UAHuntsville alumna's love of stories sparks career as popular writer
HUNTSVILLE, Ala. (February 5, 2013) — Betty Bolte’s (’08 MA English)“love of ghost stories” sparked her career as a popular author of historical romantic fiction and paranormal fiction.
“My thesis was based on research into the writing styles of Edgar Allan Poe and Henry James, in particular their ghost stories and supernatural tales,” Bolte said. “The first three chapters of the resulting opening to a novel featured various allusions to their devices and concepts. I’ve always loved ghost stories, so it seemed fitting to write my own – a novel that is still in the wings waiting for me to polish.”
The University of Alabama in Huntsville (UAHuntsville) graduate said she developed her loved for writing as a young girl, between the ages of seven and eight. “I started writing, ‘reports’ —essentially rewordings of encyclopedia articles and stories that featured tracings of dogs and horses, and children too.”
The Maryland (Eldersburg) native said she chose to attend UAHuntsville because the school had a quality English program and was closest to where she lived. She is currently working on a masters’ degree in History with an expected graduation date of 2014.
During the time Bolte worked on her first graduate degree from UAHuntsville, she didn’t have much time to interact with students and faculty outside of class because she worked more than 40 hours a week. “But I learned something from each professor under whom I’ve studied.
"Dr. Daniel Schenker (chairperson and professor of English) was my first contact at UAHuntsville, and he proved to be an important anchor as he guided me through my studies,” Bolte said.
“Dr. Rose Norman’s (emeritus professor of English) enthusiasm for my unusual thesis project was also instrumental in my successful thesis.” Bolte’s thesis was the first one in the English department that combined the analysis of writing style with three chapters of a novel.

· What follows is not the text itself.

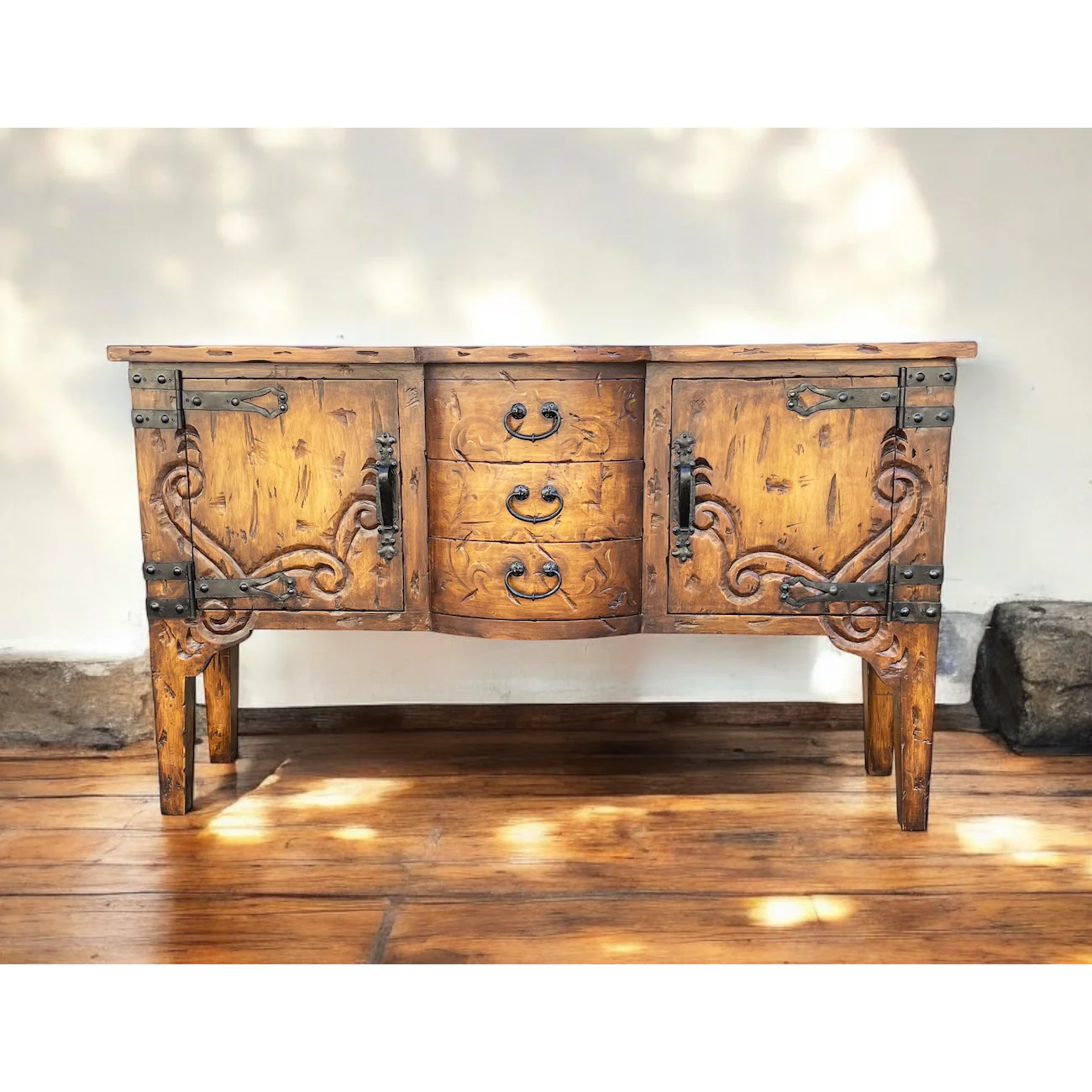 Casa Bonita Peruvian Hand-Carved Wood Ruidoso Console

“Most of all, Dr. Richard Moore (emeritus professor of English) inspired me to think creatively, take chances with my writing, and to combine disparate aspects of life, culture, and history. I deeply appreciated his suggestion to convert the research project that forms the basis of my thesis into the realization of the novel itself. Without his support, encouragement, and heart-felt enthusiasm my thesis would not have existed in such a unique format,” she said.
Bolte’s first published story was a newspaper article.“I was a stringer for a small town newspaper in Indiana for several years and had many little articles about community doings published. For a while, I also wrote a weekly column for the newspaper. My first fictional story, ‘On Travel’ was about a woman returning from a business trip … she was concerned that her husband wanted a divorce.” The story was published in the UAH literary magazine, The Project in fall 2008.

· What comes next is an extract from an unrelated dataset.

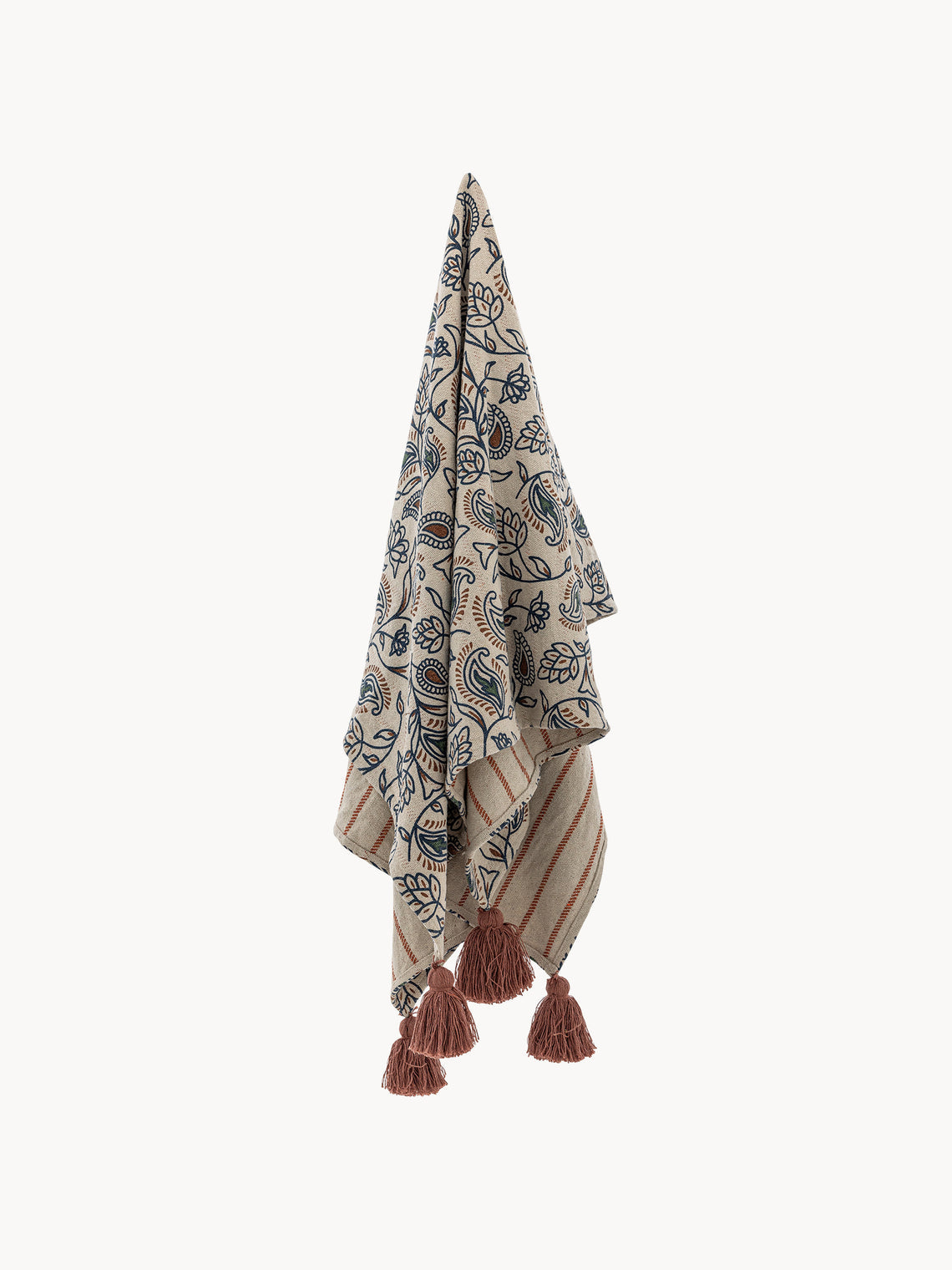 PAISLEY THROW| BLOOMINGVILLE | BLUE AND BROWN  |MIXED FIBRES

Bolte’s most recent book is Hometown Heroines, featuring inspiring true stories of 19th century American girls immortalized by their hometowns.
“It is one of my favorite books because the stories of the girls and young women featured in it are so truly inspiring and amazing,” she said.

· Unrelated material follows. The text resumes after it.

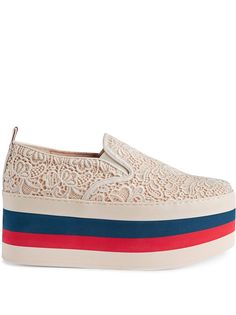 Gucci кружевные кроссовки на платформе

“I’d love to have a historical landmark named in my honor, wouldn’t you? Each of these girls has been memorialized by their hometowns, with a marker, a statue, a town name, a park, a mountain peak — even a train trestle among other memorials. Researching for the first edition of Hometown Heroines spanned about five years and included a lot of time in libraries, historical societies, a genealogy library, and traipsing through cemeteries and parks,” she said.
Bolte explained that each story she writes has its own timeline depending on whether it is nonfiction or fiction, and varying between weeks and months to anchor a good story. “Once I have a draft of a novel written, which takes about four months, I send out chapters to my critique partners (other writers) for their view and ideas of my story. Then the revision process begins and can take several months to complete.”
She noted that the publishing and marketing processes vary too. “As an author working with a publishing firm, I have limited control over how the book is published and distributed. This new edition of Hometown Heroines is epubbed with print on demand paperbacks available. The e-book is available in all e-reader formats, but the paperback is only available through Amazon. Marketing falls mainly to me … through social media, book signings, my web site, etc.”
Bolte is now working on writing a historical romance trilogy, set in Charleston at the end of the American Revolution, which features the storytelling and writing talents of three women. “The last book in the trilogy features a strong woman who is a healer/midwife who has to fight to defend her reputation against the challenges to it by the handsome young doctor in town.”
This year she is attending Romance Writers of America National Conference, and the Historical Novel Society Conference. Two other key events locally are the Heart of Dixie Readers Luncheon in Huntsville, and the Southern Magic Readers Luncheon in Birmingham.
Bolte is a member of the Romance Writers of America Association and Authors Guild. She is the recipient of two awards related to the first edition of Hometown Heroines: an Honorable Mention in the 11th Annual International Self-Published Book Awards contest, and an Honorable Mention in the Writer’s Digest (2000) Short Story Writing Competition for “Minnie’s Promise,” a story about Minnie Freeman. Freeman, a young teacher from Nebraska, led her students to safety through the blizzard of 1888. This year Bolte has two book signings to promote Hometown Heroines.